=== WHAT IS EXPECTED ===
If a line below falls between the line with "Найти 3 проекцию." and the line with "單細胞 RNA 測序細胞通訊網絡", or is one of those two, output it exactly; output nothing else and no pictures.

=== EXERCISE DATA ===
┏━━

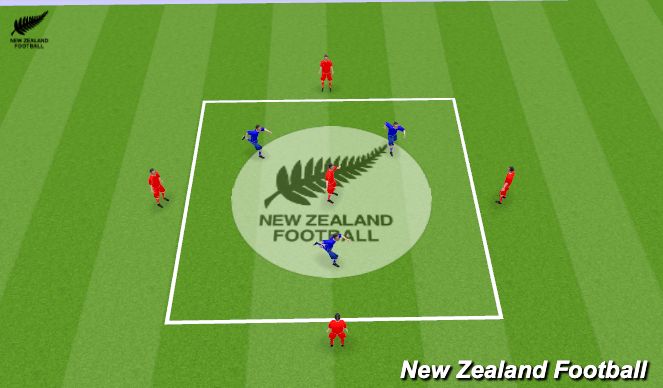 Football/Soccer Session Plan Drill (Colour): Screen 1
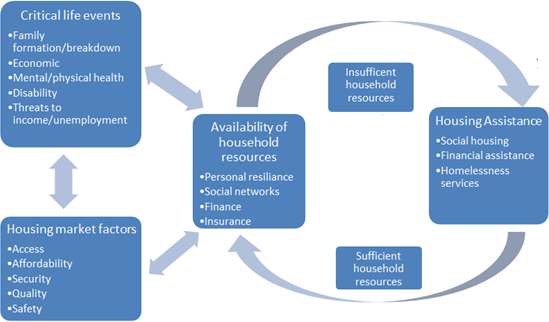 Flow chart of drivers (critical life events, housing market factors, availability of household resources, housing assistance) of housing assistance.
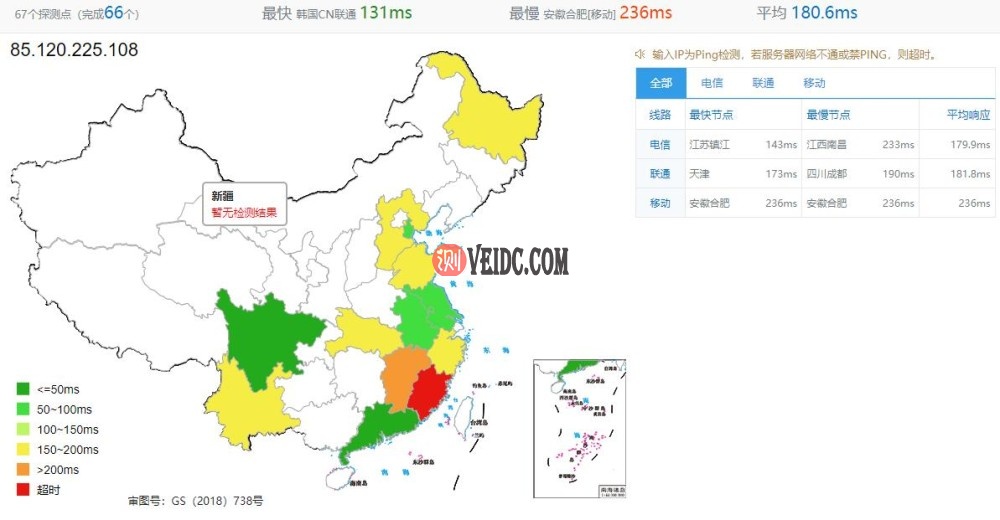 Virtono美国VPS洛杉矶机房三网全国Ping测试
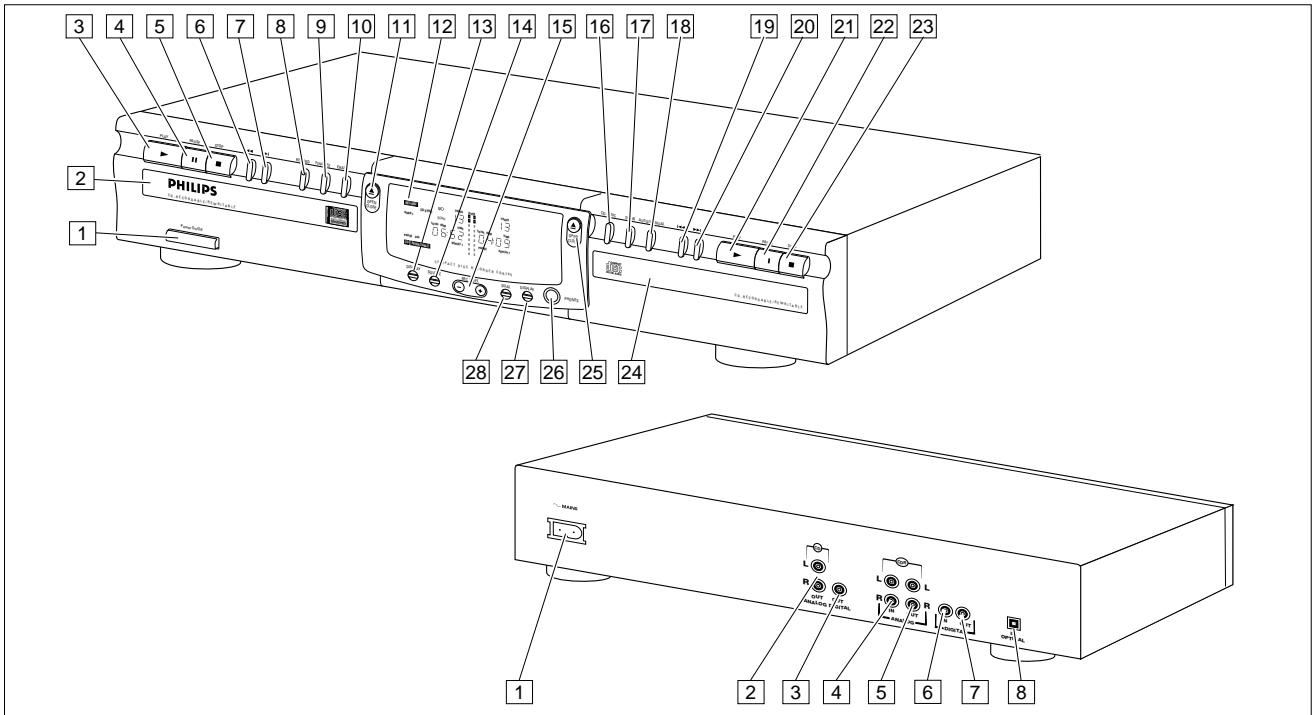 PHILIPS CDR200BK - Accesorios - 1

┗━━
┏━━

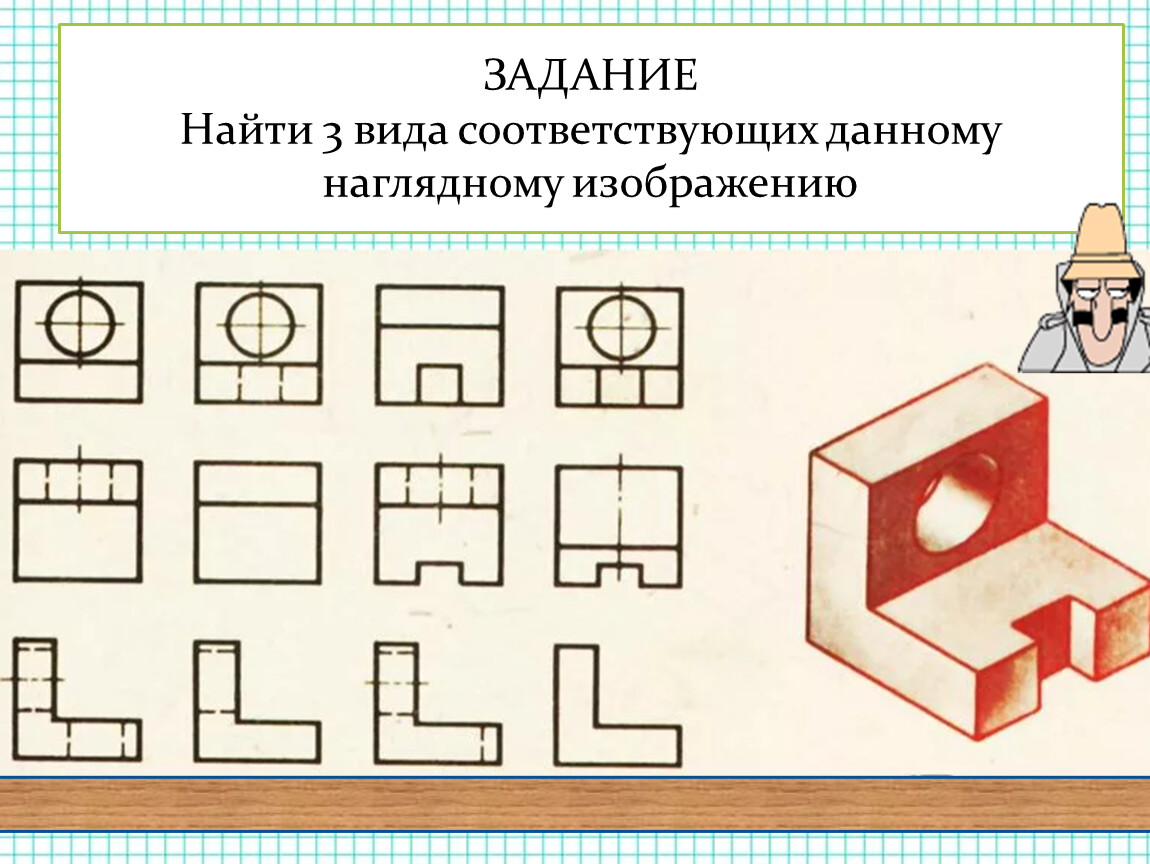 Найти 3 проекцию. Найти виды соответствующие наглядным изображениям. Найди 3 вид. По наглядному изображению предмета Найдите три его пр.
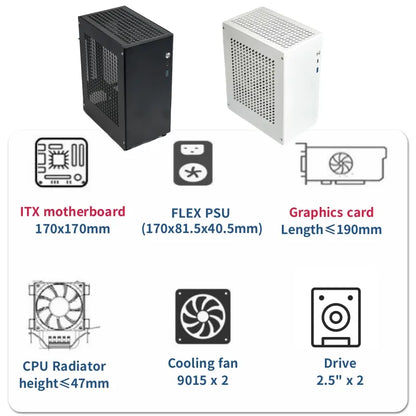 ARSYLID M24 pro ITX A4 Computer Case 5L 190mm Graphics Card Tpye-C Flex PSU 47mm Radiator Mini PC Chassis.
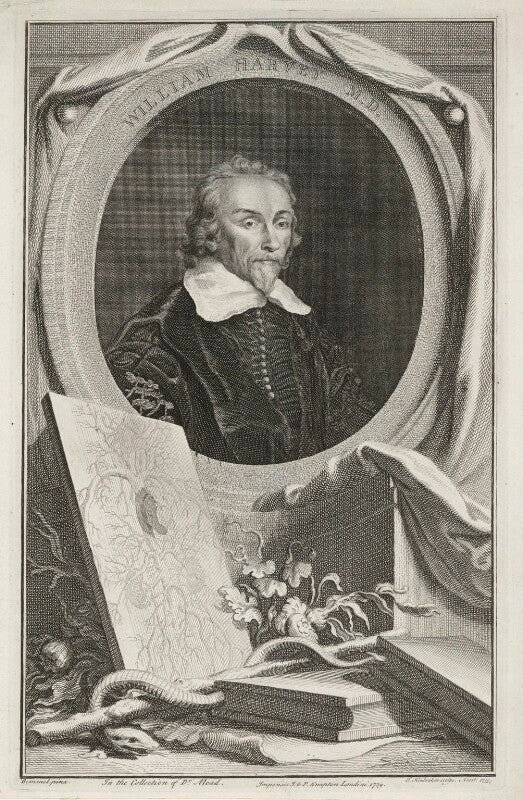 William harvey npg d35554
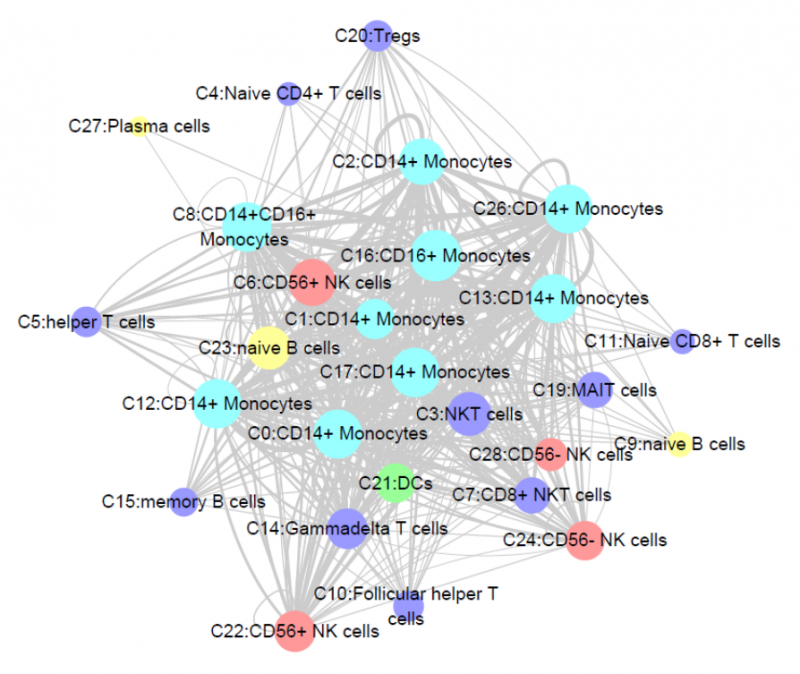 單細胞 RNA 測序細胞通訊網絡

┗━━

=== EXERCISE OUTPUT ===
 Найти 3 проекцию. Найти виды соответствующие наглядным изображениям. Найди 3 вид. По наглядному изображению предмета Найдите три его пр.
 ARSYLID M24 pro ITX A4 Computer Case 5L 190mm Graphics Card Tpye-C Flex PSU 47mm Radiator Mini PC Chassis.
 William harvey npg d35554
 單細胞 RNA 測序細胞通訊網絡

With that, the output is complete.